Supply chain is healing, but inflation relief is likely months away

  • The United States is probably past the worst of the supply chain crisis, but full recovery is still a long way off.
  • “It’s just that things aren’t getting worse as fast as they used to be,” one economist told Insider.
  • With spending by Americans hitting record highs last month, inflation is expected to persist through 2022.

The United States is probably past its worst supply chain nightmare. But recent improvements have not been enough to calm inflation, and the latest data suggests prices will continue to soar for the rest of the year.

The country’s inflation problem is a two-pronged problem. Late 2021 shipping delays and port bottlenecks have left businesses with insufficient supplies. At the same time, Americans unleashed pent-up demand throughout the past year and pushed spending above the pre-pandemic trend. Too many dollars were chasing too few goods, and companies seeking to protect their profits were pressured to raise prices.

One of these areas is slowly improving. Various indicators of supply chain pressure, from container shipping rates to delivery times, have eased in recent months. Jefferies predicted in mid-October that the United States had “passed the peak,” and JPMorgan shared a similarly optimistic outlook last month, saying maritime pressures “are easing in the right places.”

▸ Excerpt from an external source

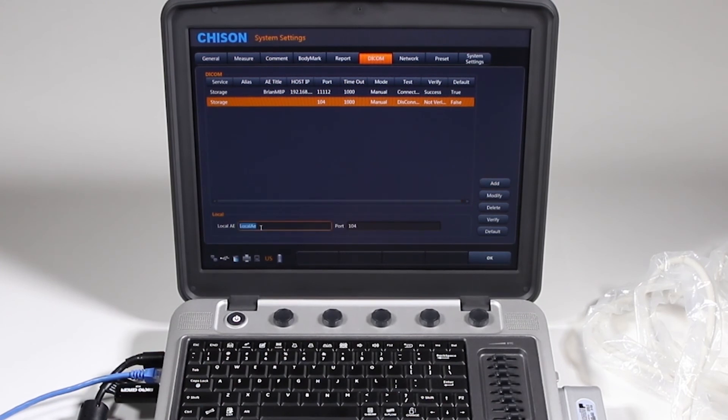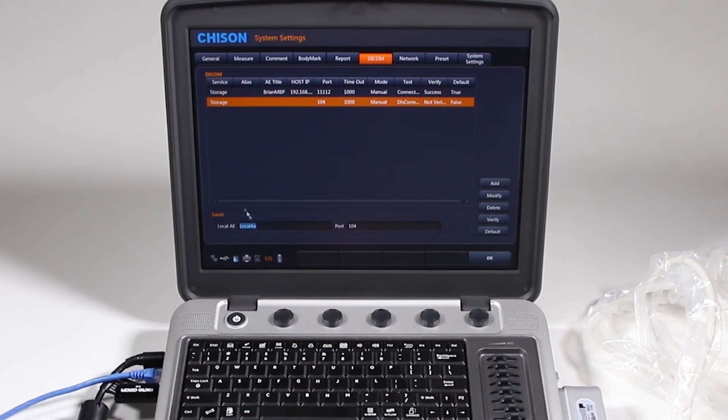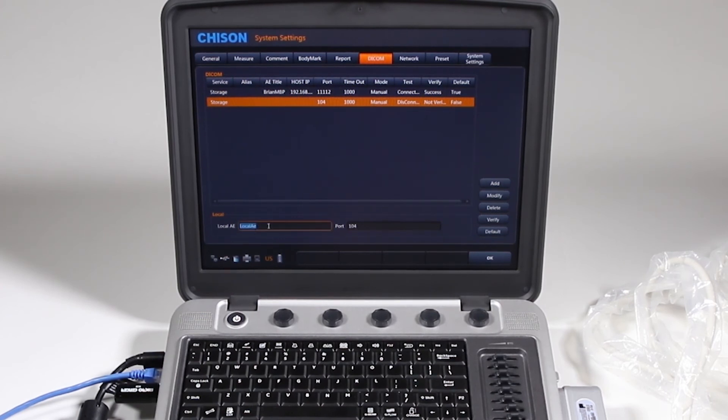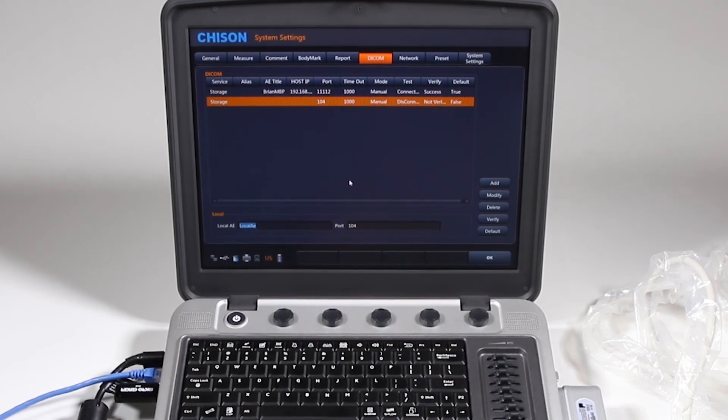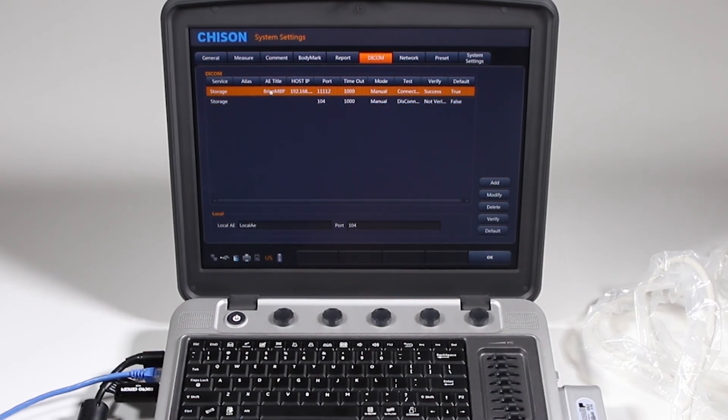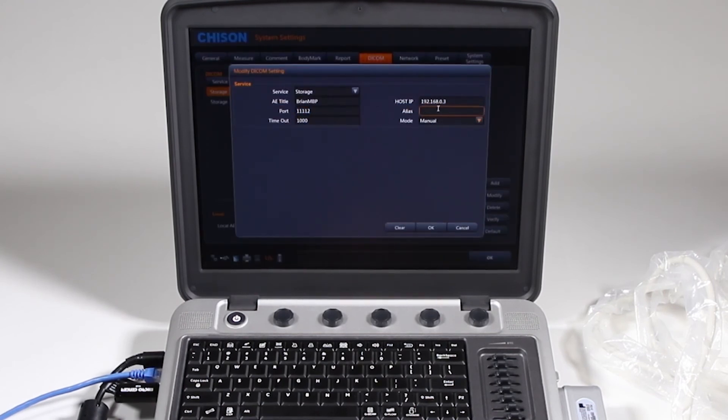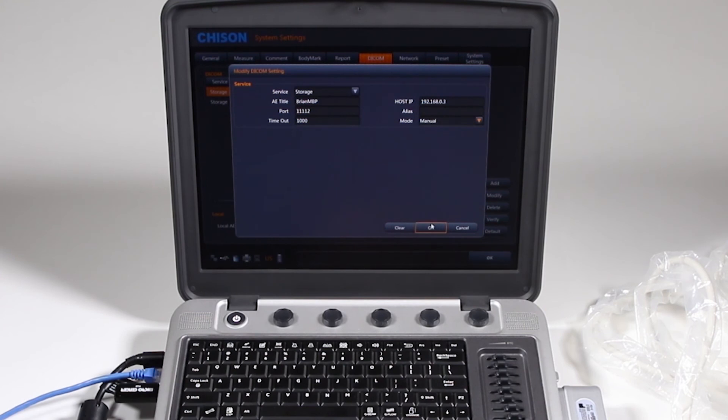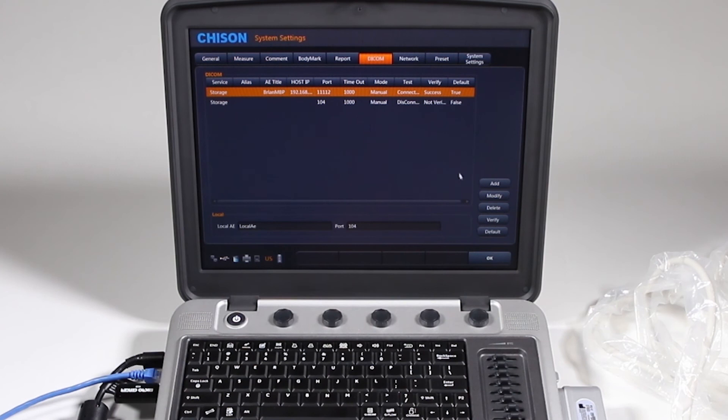By the way, this local AE, your radiology person who gave you all this information here, may say that your machine has to have a name. So you might call it like Sonobook 9 or give it your name and don't worry about the port number unless they give you something. So here, the one that is connected, if I click modify, you can see my settings here and I didn't need an alias for my DICOM server. Go ahead and click OK and I can verify and it says success, true and I'm all set to go.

But other factors suggest that these forecasts could be a little optimistic. The situation may be calming down, but that has not yet been enough to calm the rise in consumer prices. With stronger than expected demand, it looks increasingly likely that prices will rise for the rest of the year.

The most recent data confirms this and suggests that the highest inflation in four decades is not going away. The producer price index, which instead tracks business input costs, climbed 1% last month, doubling the median forecast and marking the biggest jump since May. Rising input costs tend to precede rising prices as companies are pressured to maintain margins.

Part of the problem is how widespread inflation has become, JPMorgan chief economist Bruce Kasman said Thursday. The bank expects price growth to “extend beyond the narrow set of items directly tied to supply bottlenecks, he said. Still, the “intensity of the acceleration” in price growth across the index was “surprising”, Kasman added. Inflation is no longer a temporary symptom of reopening; it turned into a much bigger problem.

The United States is past the peak of the supply chain crisis, but is still a long way from recovering

It doesn’t help that the supply chain crisis still hangs over the recovery. The situation is improving, but measures such as shipping times and prices are still much worse than they were before the pandemic, Alex Lin, senior U.S. economist at Bank of America, told Insider on Thursday. The United States may have passed the summit, but the path down the mountain so far has been slow and arduous.

“We haven’t really seen any real improvement. Things aren’t moving faster in the supply chain,” Lin said. “It’s just that things aren’t getting worse as quickly as they used to be.”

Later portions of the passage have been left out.